Even if the latest inflation figures show that annual inflation in the 20-nation eurozone has started to decline to 8.5 per cent in February, the sector of food, alcohol and tobacco continued to rise and stood at 15 per cent.

AP
The humble egg has become a star performer for all the wrong reasons as inflation has hit households across the European Union extremely hard over the year.
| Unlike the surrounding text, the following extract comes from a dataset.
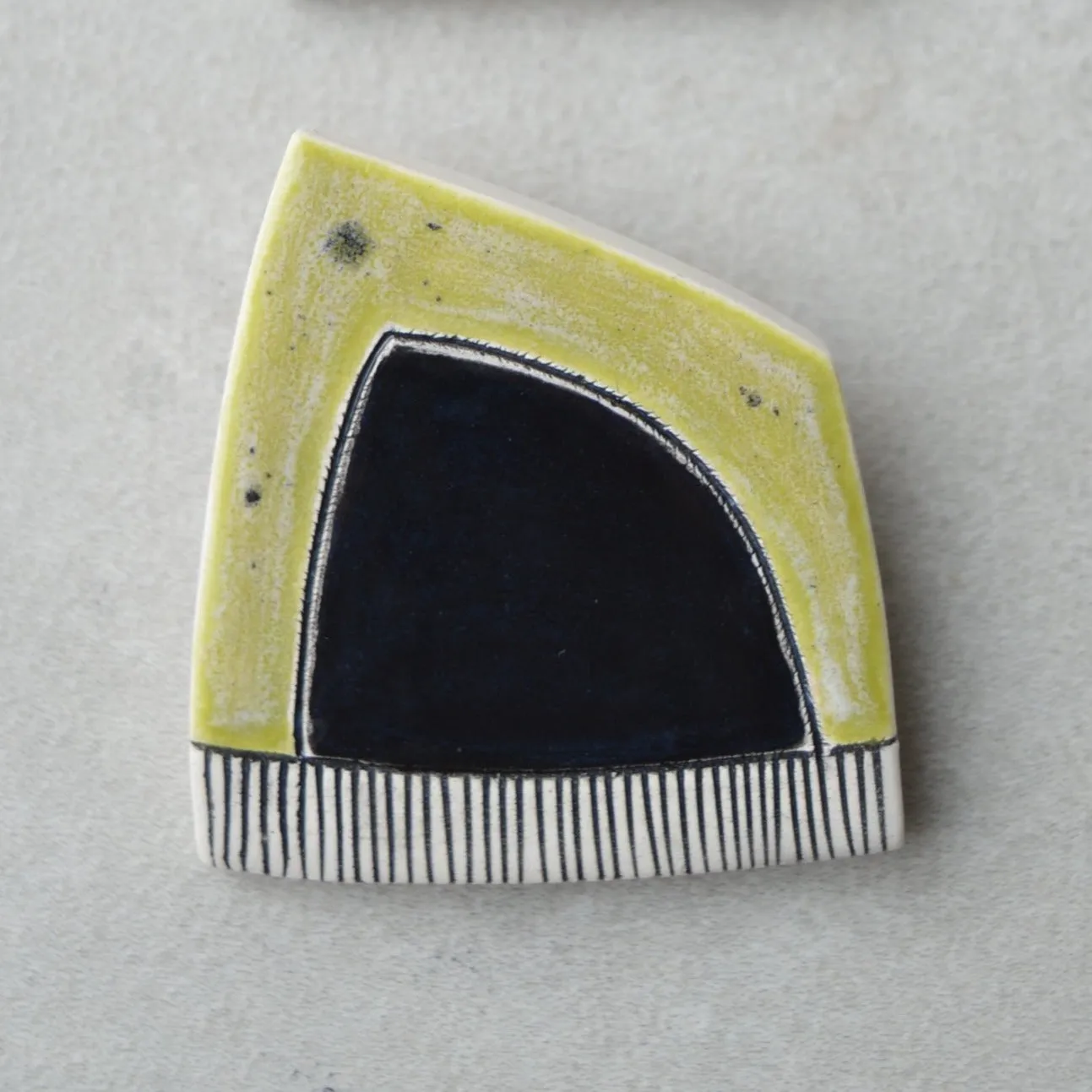 Ceramic brooch - Olive green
The EU's statistical agency Eurostat announced Friday that the average price of an egg - that important staple for poor families and gourmet cooks alike - had risen by 30 per cent over the year to January 2023, becoming a symbol of how the cost of living has hit everyone in the 27-nation bloc.

Even if the latest inflation figures show that annual inflation in the 20-nation eurozone has started to decline to 8.5 per cent in February, the sector of food, alcohol and tobacco continued to rise and stood at 15 per cent.

And then, eggs outperform just about all. Two years ago, egg inflation still stood at a lean 1 per cent, rising to 7 per cent the year after before reaching 30 per cent in February.


Egg prices were whipped up the most in the Czech Republic, rising 85 per cent over the year, followed closely by two other central European nations - Hungary (80 per cent) and Slovakia (79 per cent). Germany and Luxembourg stood at the other end, with both experiencing a relatively lower increase of 18 per cent.

In the United States, egg prices have surged over the past year because of the ongoing bird flu outbreak and the highest inflation in decades. The national average retail price of a dozen eggs hit USD 4.25 in December, up from USD 1.79 a year earlier, according to the latest government data.